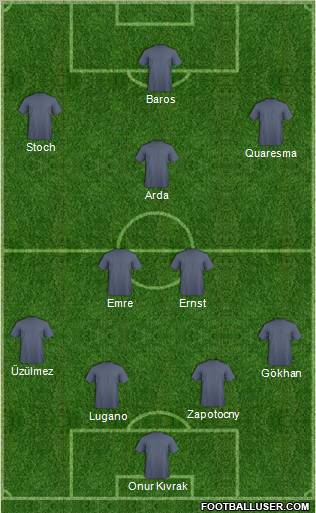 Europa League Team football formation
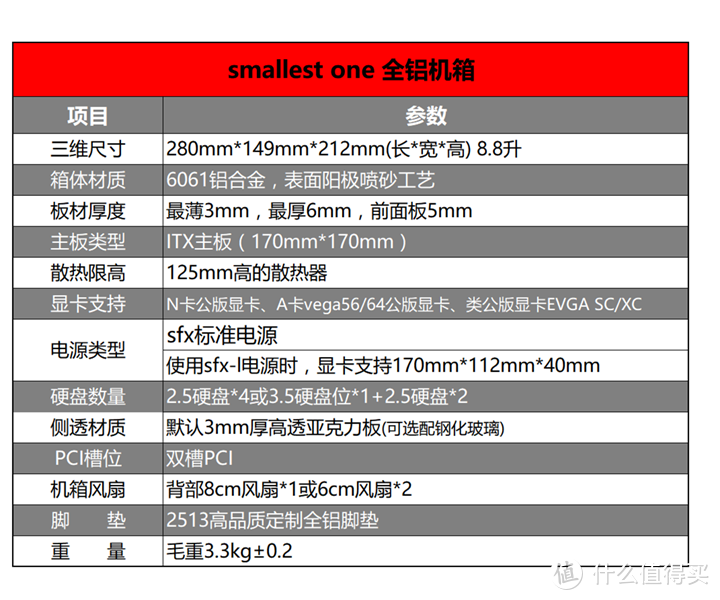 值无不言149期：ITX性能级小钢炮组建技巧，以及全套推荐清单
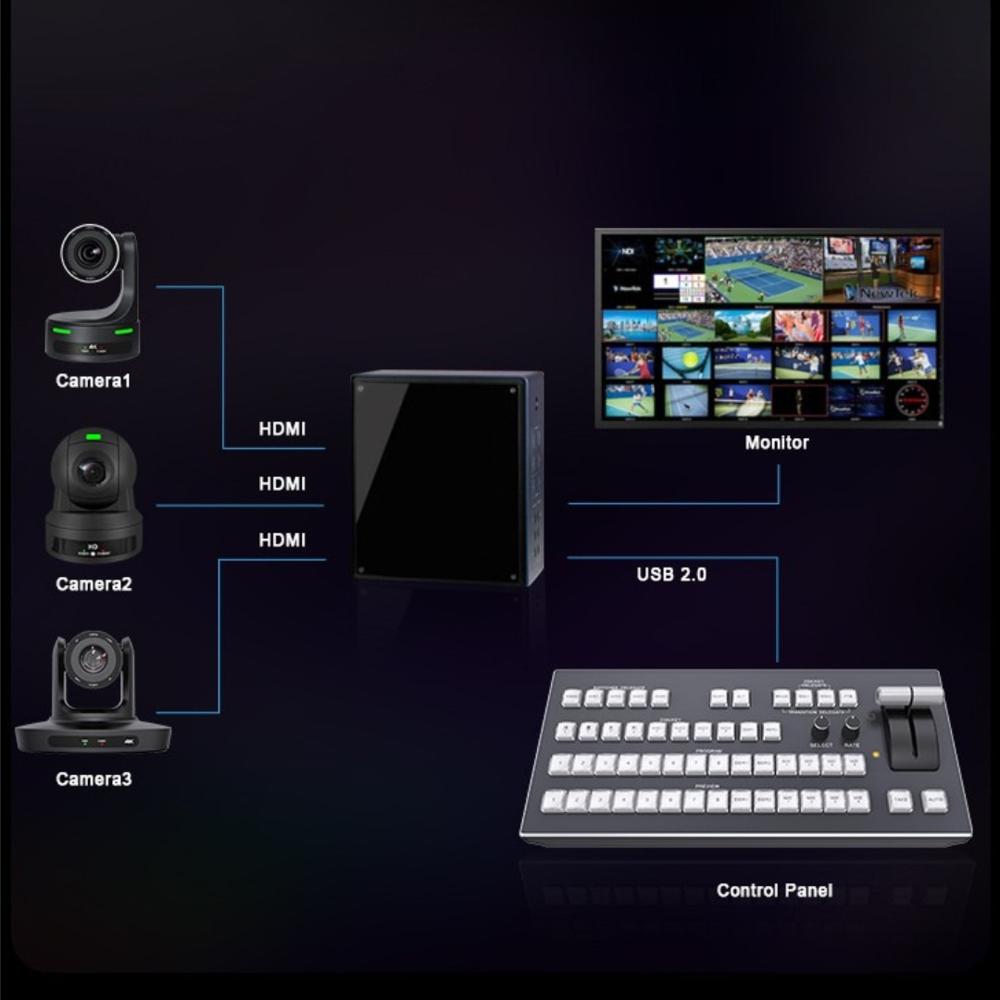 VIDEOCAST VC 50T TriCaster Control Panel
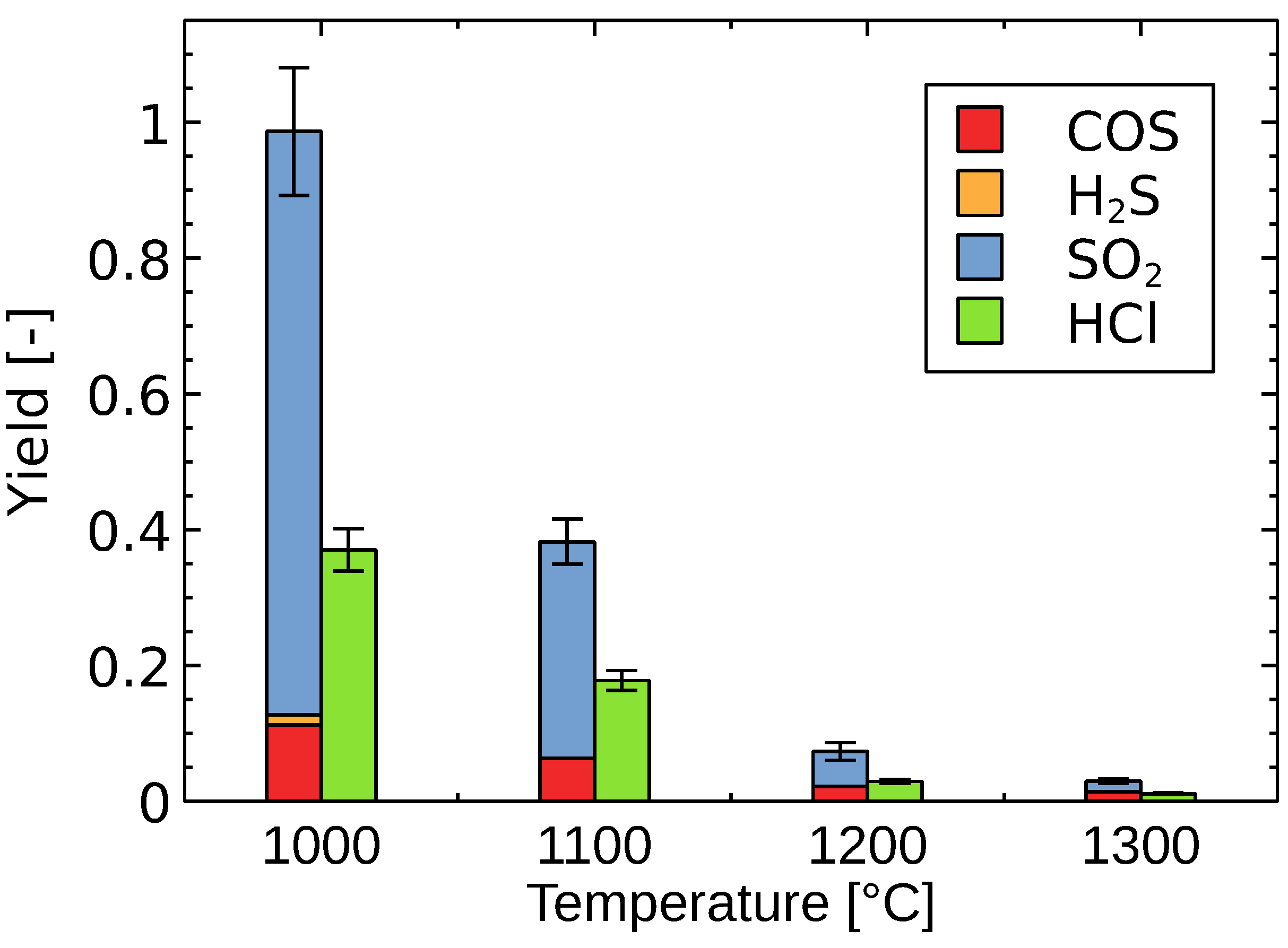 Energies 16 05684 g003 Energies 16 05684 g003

- [Task goal]
Restate the data above word for word, so that the only difference is the missing pictures.

- [Result of this task]
 Europa League Team football formation
 值无不言149期：ITX性能级小钢炮组建技巧，以及全套推荐清单
 VIDEOCAST VC 50T TriCaster Control Panel
 Energies 16 05684 g003 Energies 16 05684 g003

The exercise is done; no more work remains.